Data are also emerging for the role of Coup-Tf2 in female reproductive development in mice but there seem to be clear differences with humans. Murine Coup-Tf2+/− XX females show a wide range of reproductive anomalies including reduced fecundity, irregular estrus cycles, delayed puberty, retarded postnatal growth, and reduced levels of steroidogenic enzymes, but virilization and testis development has not been reported. Recently, a tamoxifen-inducible Wt1 mouse model that targets Nr2f2 in Wt1+ mesenchymal cells was described, where knockout XX mice had both Müllerian and Wolffian ducts in the mesonephros. The ovaries of the mice lacking Nr2f2 did not produce androgens, but an androgen-independent activation of the p-ERK pathway in the Wolffian duct epithelium was observed, leading to its maintenance in XX mice. In striking contrast to the mouse model, virilization of the genitalia in the three children reported here was associated with elevated levels of both testosterone and AMH and in one child the presence of testicular tissue was confirmed by gonad histology.

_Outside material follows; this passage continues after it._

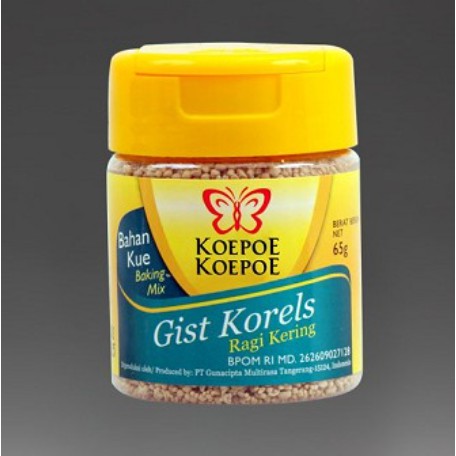 

Koepoe Koepoe Gist Korels 65g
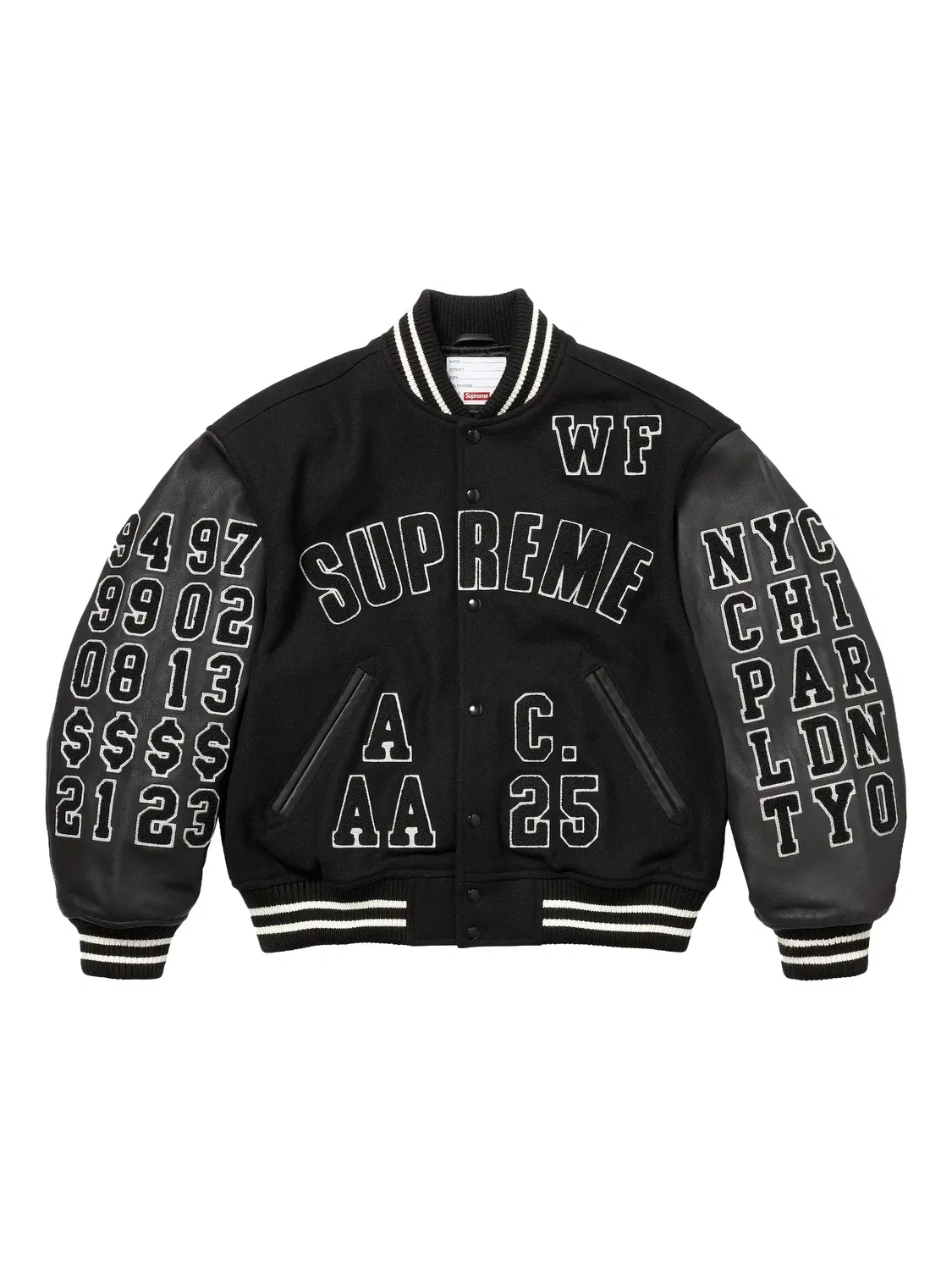 Куртка с пряжкой Supreme, черный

The mechanism responsible for testis development associated with COUP-TF2 variants remains to be defined. Consistent with the Z-theory of a double repressor model of human sex determination, COUP-TF2 acts both positively and negatively to modulate the expression of genes involved in sex determination in other cellular and organ contexts. For example, in the human endometrium, COUP-TF2 is a positive regulator of the pro-ovary WNT4 gene and in mice Coup-tf2 negatively regulates the expression of the pro-testis Sox9 gene in the osteogenic mesenchyme.29, 30

In addition to revealing unforeseen mechanisms in sex development, our study also highlights the importance of nuclear receptors (NR) in human development and disease. Humans have 48 different NRs with a diverse range of functions and next-generation sequencing approaches are starting to identify novel and sometimes unexpected phenotypes associated with specific NR variants. Recently, we described recurrent missense mutations that specifically target the Arg92 residue of another nuclear receptor, NR5A1 and which are associated with both 46,XX OTDSD and TDSD in multiple individuals. When this mutation is introduced into the XX mouse, it does not result in testis formation. The data presented here provide additional evidence of the emerging importance of nuclear receptors in establishing human ovarian identity and indicate that nuclear receptors may have divergent functions in mouse and human biology.